Nerve fibers from the stellate ganglion go up the superior cervical sympathetic chain and into the pterygopalatine (sphenopalatine) ganglion (SPG). SPG blocks have been shown to reduce anxiety, headaches, migraines, cancer pain and other disorders.
Self-administration of SPG blocks (SASPGB) is another method of delivering sphenopalatine blockade and indirect stellate ganglion blockade.

Complications associated with a stellate ganglion block include Horner's syndrome, accidental intra-arterial or intravenous injection, difficulty swallowing, vocal cord paralysis, epidural spread of local anaesthetic, and pneumothorax.

Block of the stellate ganglion has also been explored in coronary artery bypass surgery, as well as posttraumatic stress disorder.

There are current investigations into stellate ganglion block for those suffering from altered sense of smell and taste due to COVID-19 infection.

Left stellectomy is a treatment strategy in prolonged QT syndrome because activity of the stellate ganglia drives prolonged QT. However, this therapy is only offered to patients who are already on a beta blocker and experience frequent shocks from an implantable cardioverter-defibrillator (ICD), because stellectomy causes Horner's syndrome.

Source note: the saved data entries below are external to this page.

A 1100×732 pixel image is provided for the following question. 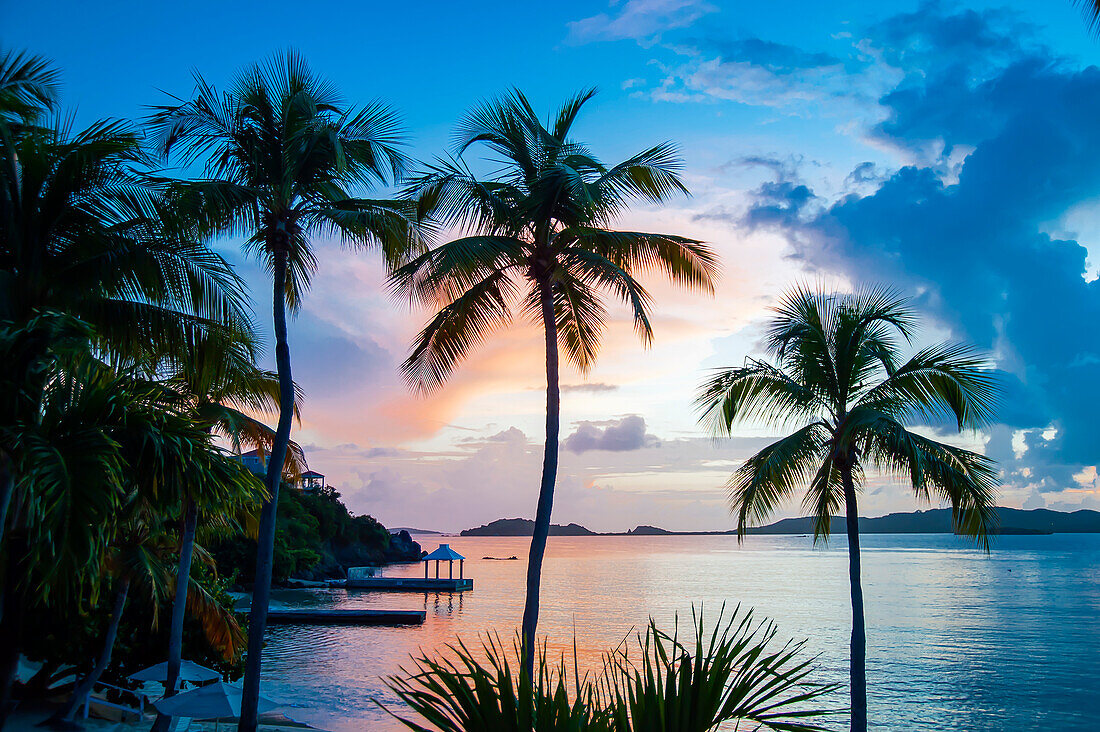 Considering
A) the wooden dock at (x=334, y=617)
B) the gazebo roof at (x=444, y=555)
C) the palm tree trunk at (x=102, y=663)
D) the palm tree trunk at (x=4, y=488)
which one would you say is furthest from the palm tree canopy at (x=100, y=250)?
the gazebo roof at (x=444, y=555)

Stellate ganglion nerve block can also be used as a treatment for refractory ventricular tachycardia.

==Anatomy==
The stellate ganglion lies in front of the neck of the first rib, and posterior to the common carotid artery. The vertebral artery lies anterior to the ganglion as it has just originated from the subclavian artery. After passing over the ganglion, the artery enters the vertebral foramen and lies posterior to the anterior tubercle of C6 (Chassaignac's tubercle).